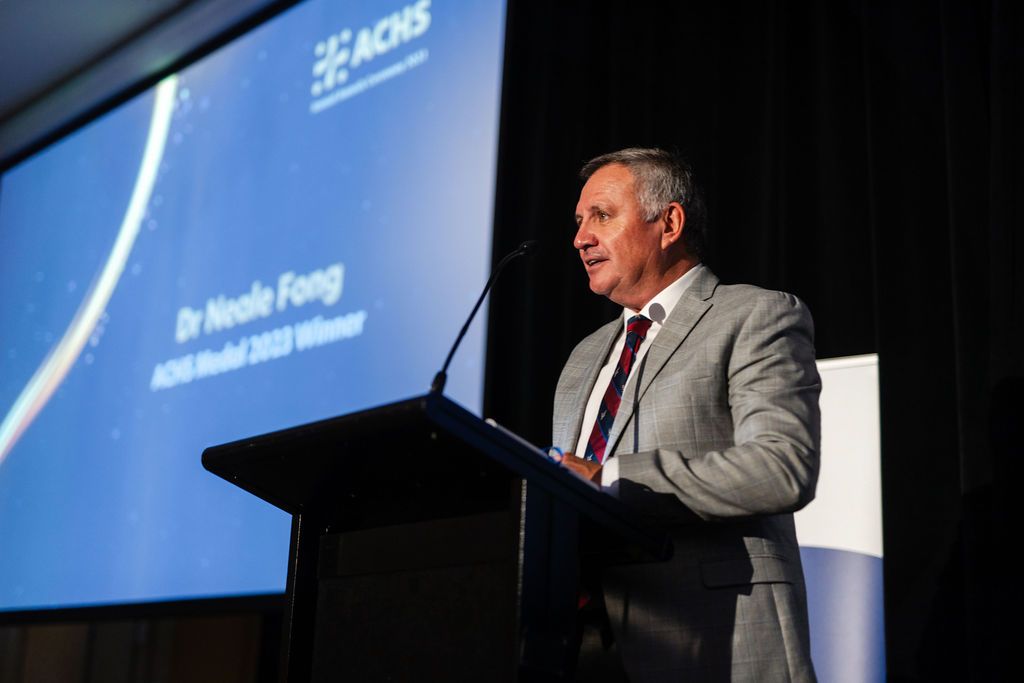 A man stands on stage in front of a screen in a suit speaking to a conference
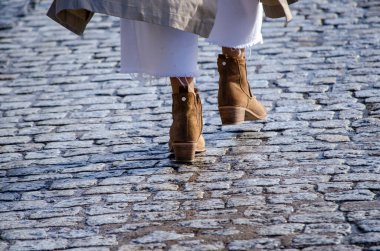 Çizmelerle yürüyen bir kadının ayakları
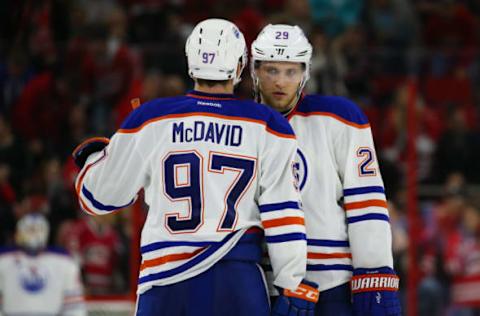 NHL Power Rankings: Edmonton Oilers forward Connor McDavid (97) talks to forward Leon Draisaitl (29) during the time out against the Carolina Hurricanes at PNC Arena. the Carolina Hurricanes defeated the Edmonton Oilers 2-1. Mandatory Credit: James Guillory-USA TODAY Sports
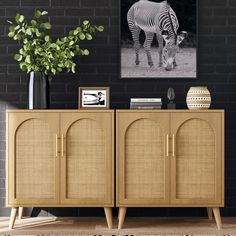 a zebra standing in front of a black brick wall next to a wooden sideboard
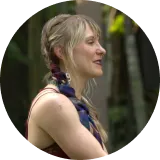 Profile of a smiling woman with braided hair, wearing a sleeveless top, outdoors with blurred greenery in the background.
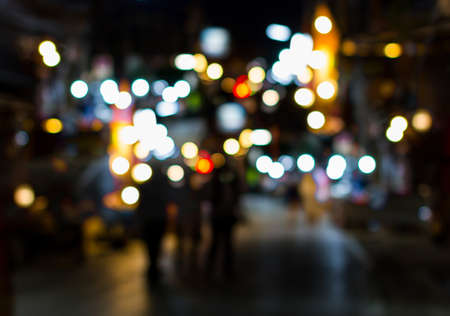 Night city street lights colorful bokeh background, darkness conceptの写真素材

■ Task description ■
Your reply should be the full data above, copied exactly, with no pictures in it.

■ Solution ■
 A man stands on stage in front of a screen in a suit speaking to a conference
 Çizmelerle yürüyen bir kadının ayakları
 NHL Power Rankings: Edmonton Oilers forward Connor McDavid (97) talks to forward Leon Draisaitl (29) during the time out against the Carolina Hurricanes at PNC Arena. the Carolina Hurricanes defeated the Edmonton Oilers 2-1. Mandatory Credit: James Guillory-USA TODAY Sports
 a zebra standing in front of a black brick wall next to a wooden sideboard
 Profile of a smiling woman with braided hair, wearing a sleeveless top, outdoors with blurred greenery in the background.
 Night city street lights colorful bokeh background, darkness conceptの写真素材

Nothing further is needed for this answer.